The PLA’s Strategic Support Forces – China’s Military Cyber Force

Xi and Co.

In January 2016, Chinese press reported that two new People’s Liberation Army (PLA) units would be established to address outer space and cyber operations concerns.  Deemed the Ballistic Force, this unit will be separate from the 2nd Artillery and will develop missiles as well spacecraft innovation, according to the report. The Strategic Support Force is the unit dedicated to cyber operations that will focus on “technological war” – both in space as well as via the Internet.  The two units, in addition to a PLA general command, were developed in response to modernization reforms initiated by the Chinese government.  The forces will follow the direction of the Communist Party of China, the Central Military Commission (CMC), and President Xi, according to reporting.

On January 1, China’s CMC released military reform guidelines in order to better support China’s interests regionally as well as internationally.  In order to make its military more adaptable to ever-changing geopolitical situations, the PLA’s responsibilities have broadened to extend beyond securing China’s boarders and maritime interests, particularly as China’s interests extend into the global community.  China’s military is very land-force heavy, a reality that has its roots since the Communist Party won the civil war in 1949.  Reforms seek to balance the army with the naval and air force services, a key move to better position China to handle modern-day conflicts that may not always require land forces as the dominant service element.

According to one military expert, the Strategic Support Forces will support the battlefield ensuring the military’s ability to use aerospace, network, and electromagnetic domains, and is seen as an instrumental capability for joint force operations supporting objectives highlighted in China’s 2015 new military strategy of “Winning Informatized Local Wars.”  Long suspected of having military components with offensive cyber capabilities, the official creation of a cyber-specific military force demonstrates Beijing’s commitment to developing its own cyber-centric entity that will support both wartime and peacetime activities, a dual mission responsibility bearing striking similarities to the United States Cyber Command.  The fact that the cyber unit will function independently of the ground forces command intimates that it will be a key facilitator for integration with other service elements during conflict, and will assist the protection of critical civilian infrastructure assets such as nuclear energy and financial networks outside periods of conflict.

China’s need for a strong, modernized military is to help counterbalance Western – especially U.S – interests in the Asia-Pacific. According to one Chinese news source, a significant military gap between China and the United States could negatively impact governments’ view of China as a rising power and regional leader.  The perception is that a powerful China is influential and with whom collaboration can occur as an equal partner thus reducing reliance on the West for security.

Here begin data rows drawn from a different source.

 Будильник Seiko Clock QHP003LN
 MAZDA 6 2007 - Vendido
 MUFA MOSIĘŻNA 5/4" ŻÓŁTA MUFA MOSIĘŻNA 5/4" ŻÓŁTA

While the establishment of the Strategic Support Force is seen as an important catalyst to enhancing Chinese military support capacity, it also serves as the body that can engage foreign militaries’ cyber components.  The United States and China have been steadily increasing military-to-military engagement, an opportunity that provides transparency and the opportunity to establish rules of the road to prevent the escalation of tensions over areas of dispute or misunderstanding.  Given the past tumultuous two years in which five PLA officers were indicted by the Department of Justice for industrial espionage, and the revelations provided by the Edward Snowden leaks of alleged U.S. global spying, the Strategic Support Force can be leveraged as such an agent for communication.  As there are no agreed upon rules of behavior for nation states in cyber space, setting up independent cyber deterrence strategies without international understanding of acceptable/unacceptable activities risks causing miscalculations that could invariably escalate into more heated exchanges.  In this regard, the Strategic Support Force should not be viewed as China’s final admission of a cyber warfare capability that many had long suspected; rather, it should be viewed as an opportunity to deter aggressive behavior by soliciting greater cooperation in order to better proactively resolve disputes through enhanced cooperation and dialogue.